Totaling more than 1,500 prints and eight drawings, the Pendexter collection expands the breadth of Bowdoin’s already rich print holdings, increasing them by 20 percent. The gift features masterpieces by artists such as Albrecht Dürer, Rembrandt van Rijn, Édouard Manet and Giorgio Morandi, among many others, and multiple works by Hendrick Goltzius and Honoré Daumier.
Among the highlights are rare first editions of Francisco de Goya’s Disasters of War and Proverbios series, dating from the early 19th century.
Consideration for the future of his prints prompted Mr.

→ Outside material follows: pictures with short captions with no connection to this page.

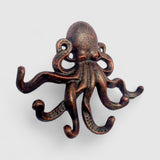 Copper cast iron octopus hook with detailed suction cup details on tentacles, studio shot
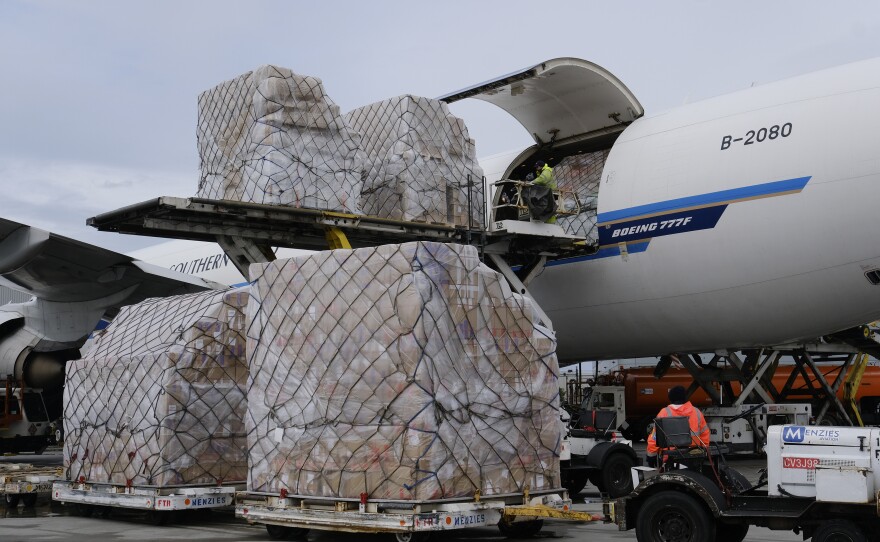 Ground crew at Los Angeles International Airport unload pallets of supplies of personal protective equipment from a China Southern Cargo plane upon its arrival on April 10.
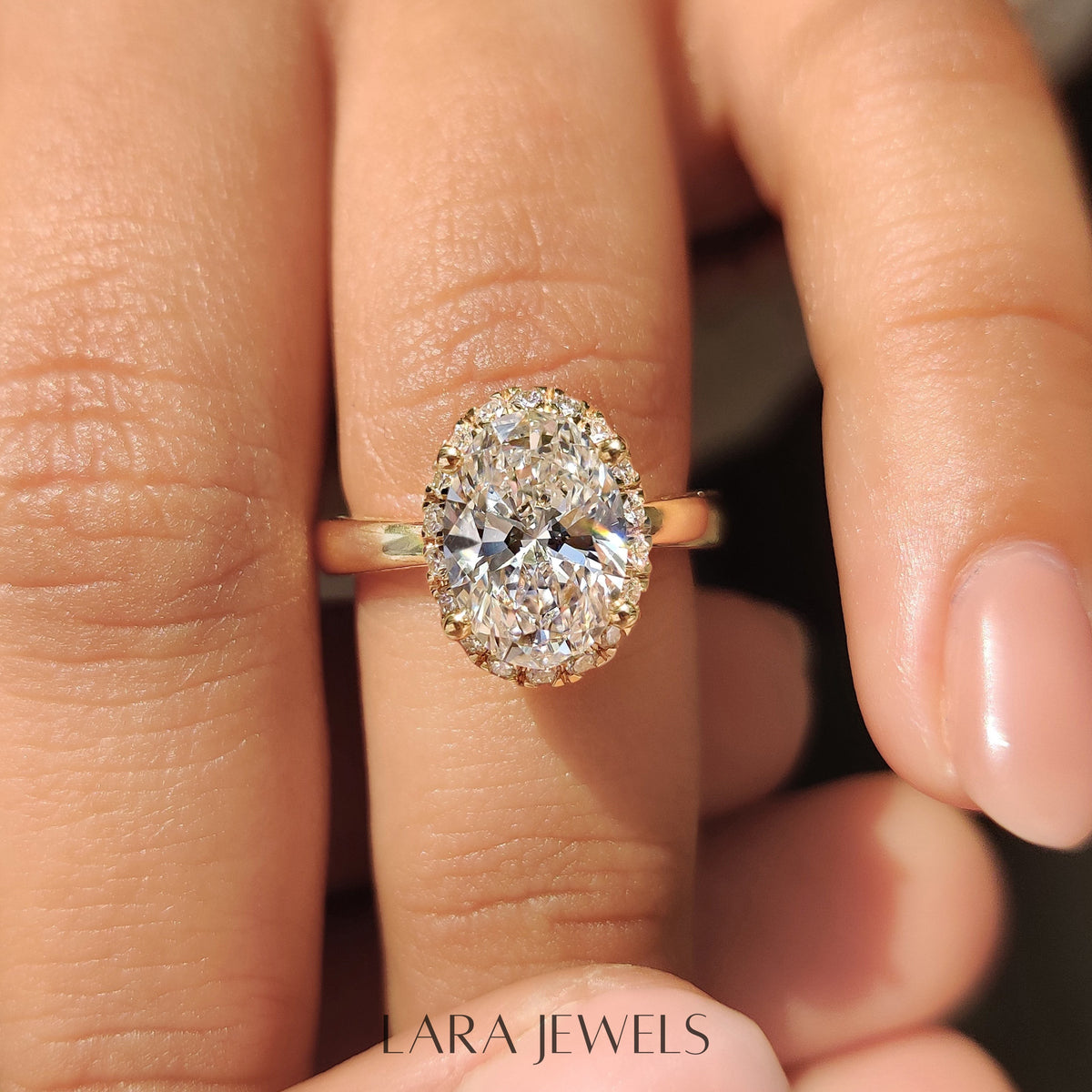 Lab grown oval engagement ring in Round Cut Diamond Basket Setting, available in Silver. IGI certified, ethically sourced, handcrafted at Lara Jewels.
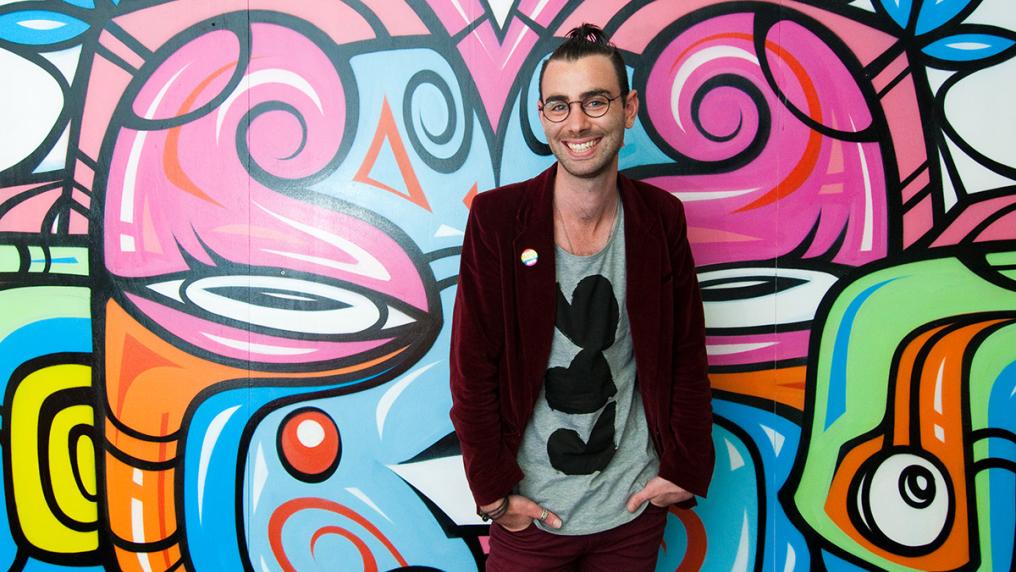 Young man in on-trend clothing, in front of graffiti wall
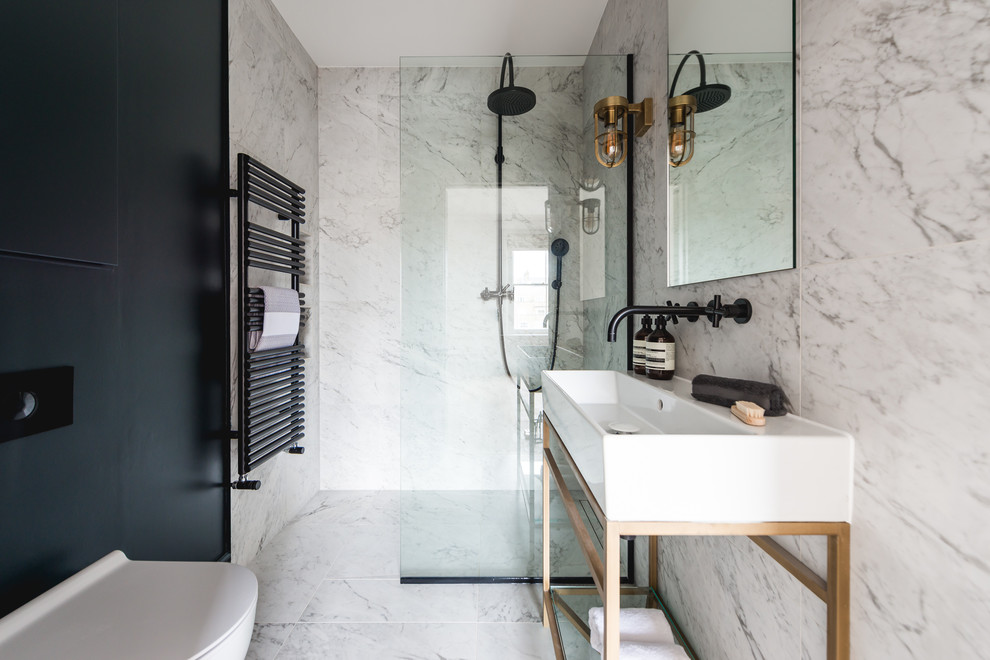 Inspiration for a small contemporary 3/4 bathroom in London with flat-panel cabinets, blue cabinets, an open shower, a one-piece toilet, black and white tile, marble, grey walls, marble floors, a console sink, grey floor and an open shower.
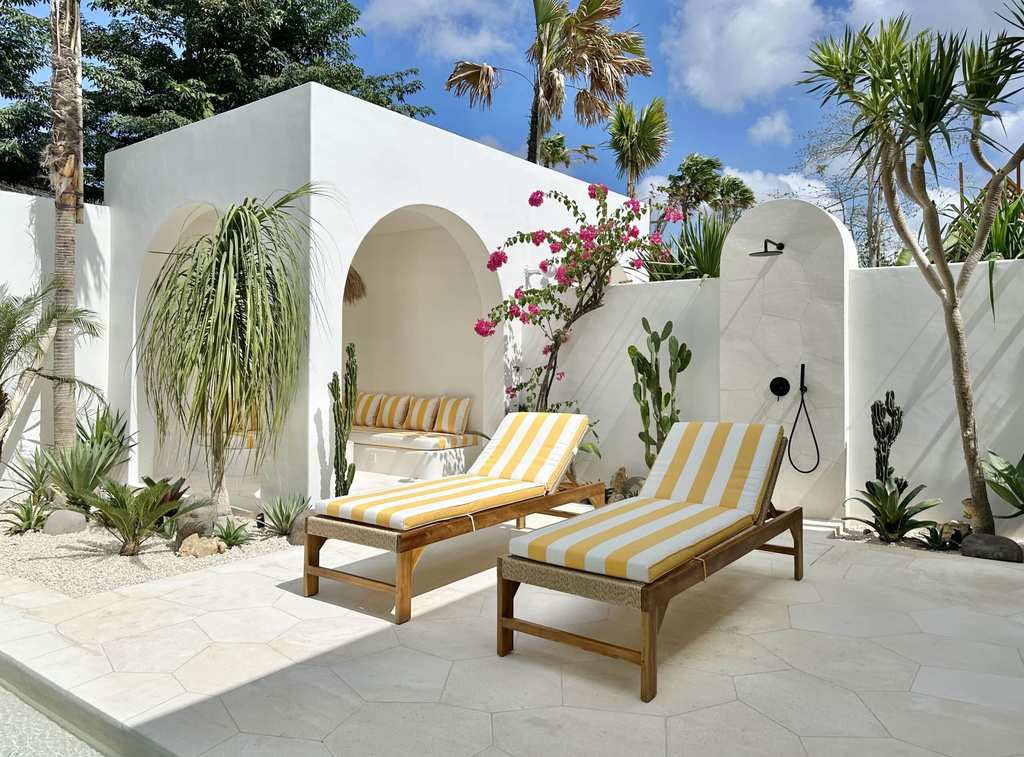 Outdoor Bali villa with pristine white walls, lush greenery, and stylish lounging area.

Pendexter to give his collection to the Bowdoin College Museum of Art. He has always applauded the Museum’s commitment to the collecting and study of prints, an area of focus cultivated by previous directors Katharine Watson and Katy Kline, and continued by Kevin Salatino, current director of the Bowdoin College Museum of Art and former curator of prints and drawings at the Los Angeles County Museum of Art. Mr. Pendexter sees Bowdoin as a fitting home for his sweeping collection, knowing the valuable resource it will become for teaching and research.
A native of Maine, Charles Pendexter is a retired research geologist for the Exxon Corporation. Over the course of his career he traveled widely, collecting master prints in cities around the world for the next 50 years.
David Becker, print curator, fellow collector, and Museum donor, enthused, “Charles’s gift is remarkably wide-ranging, adding immeasurably to the reach of the Museum’s holdings.” He noted that Mr. Pendexter has a “deep love and knowledge of prints that is revealed in the depth of his vision, especially in such favorite themes as the pastoral landscape tradition, or the muscular forms and movement of European baroque printmaking.”
Museum Director Salatino said, “Charles’s prints join rich holdings of works on paper at Bowdoin, now made exponentially richer by the generosity of one remarkable man. This truly outstanding gift is an exemplary act of selflessness that recognizes that a great collection is greatest when kept intact, and when shared with the largest possible audience.”
Highlights from this gift will be showcased in the summer exhibition Scratching the Surface: Master Prints from the Charles Pendexter Collection, on view in the Becker Gallery, June 16–August 29, 2010.